Atuação de ex-assessora de Lira com emendas foi detalhada em depoimentos de parlamentares
Ex-presidente da Câmara não é investigado; caso está sob a relatoria de Dino no STF
Depoimentos prestados à Polícia Federal por deputados e um senador detalham um suposto esquema de direcionamento e execução irregular de emendas parlamentares que antecedeu a operação deflagrada nesta sexta-feira contra Mariângela Fialek, conhecida como Tuca, ex-assessora do então presidente da Câmara Arthur Lira (PP-AL). Os relatos, colhidos ao longo de 2024, apontam pressão política, envio de planilhas sem identificação de autoria e centralização das decisões sobre a destinação de recursos bilionários.
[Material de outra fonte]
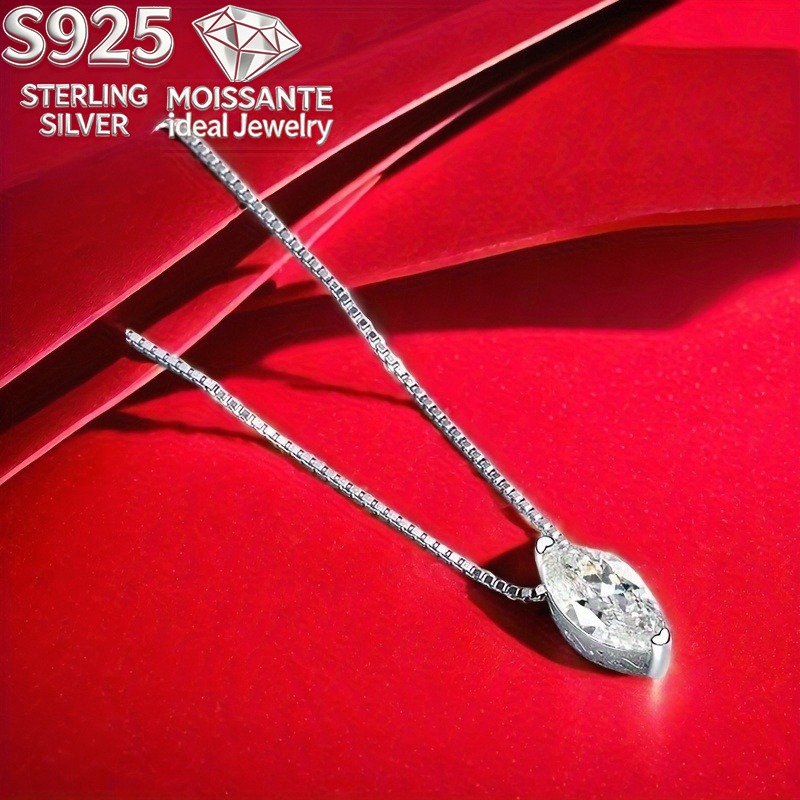 TEMU Pendentif Collier Moissanite 1 Carat en Argent Sterling 925 Incrusté, Bijou pour Femme Homme, Tenue Quotidienne, Cadeau Idéal pour Famille Amis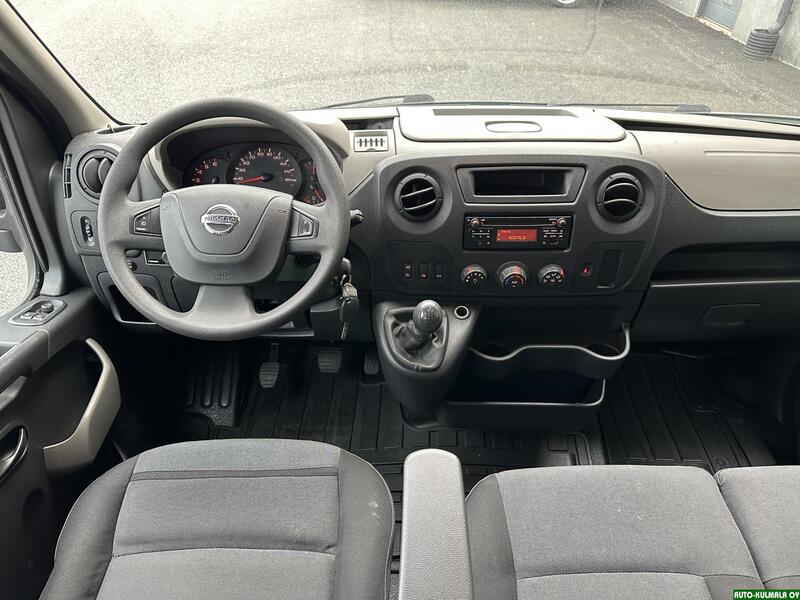 Nissan NV400 vaihtoauto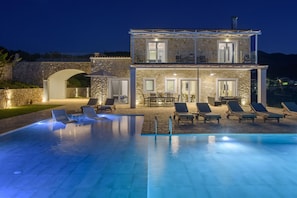 Building Exterior, Outdoor, Pool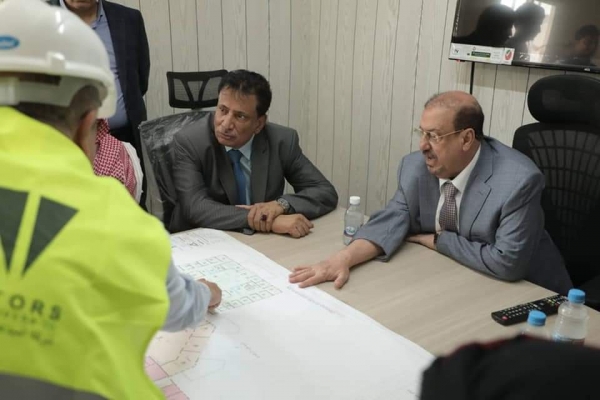 الشيخ سلطان البركاني ومحافظ المهرة يتفقدان سير العمل في مشروع مدينة الملك سلمان الطبية والتعليمية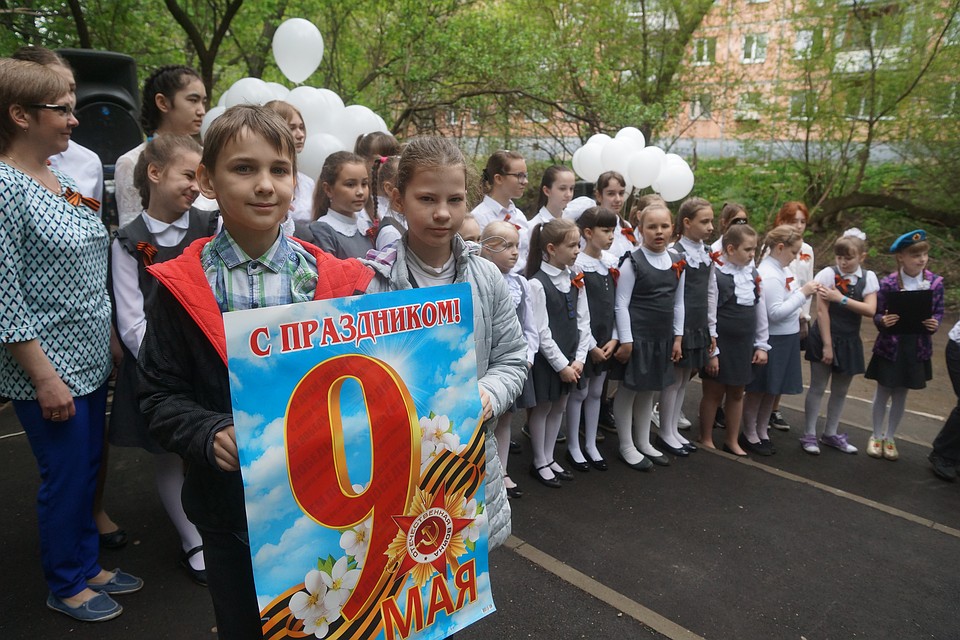 Ребята из школы №101 подготовили концерт к Дню Победы. Фото: Светлана МАКОВЕЕВА
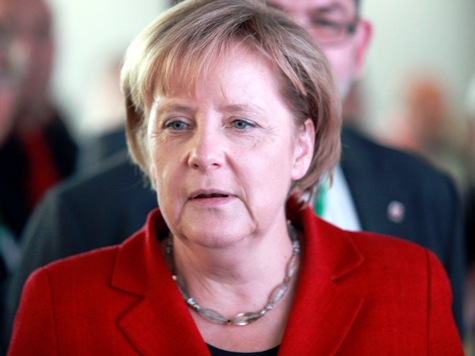 Merkel Says No to New NATO Bases in Eastern Europe, Fears Russian Backlash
Arthur Lira não é alvo da operação. Procurados, ele e Fialek não se manifestaram.
Além dos depoimentos, a investigação colheu outras provas, como dados extraídos de telefones celulares.
À PF, o deputado José Rocha (União-BA) afirmou que, ao assumir a presidência de uma comissão responsável por emendas do Ministério da Integração Nacional e do Desenvolvimento Regional, recebeu da presidência da Câmara, por meio de Mariângela Fialek, minutas de ofícios e planilhas já prontas para assinatura. Segundo ele, os documentos indicavam a destinação de R$ 1,125 bilhão em recursos, mas sem informar autores das emendas, objetos ou beneficiários.
No depoimento, Rocha relatou que chegou a encaminhar uma das listas ao ministério, mas decidiu reter outras após identificar valores elevados sem detalhamento. Um dos casos citados envolvia R$ 320 milhões destinados a Alagoas.
— Recebi uma relação com R$ 320 milhões para Alagoas, sem dizer o que ia ser feito nem quem era o autor. Essa eu segurei — disse o deputado, em relato que também repetiu em entrevista ao Globo.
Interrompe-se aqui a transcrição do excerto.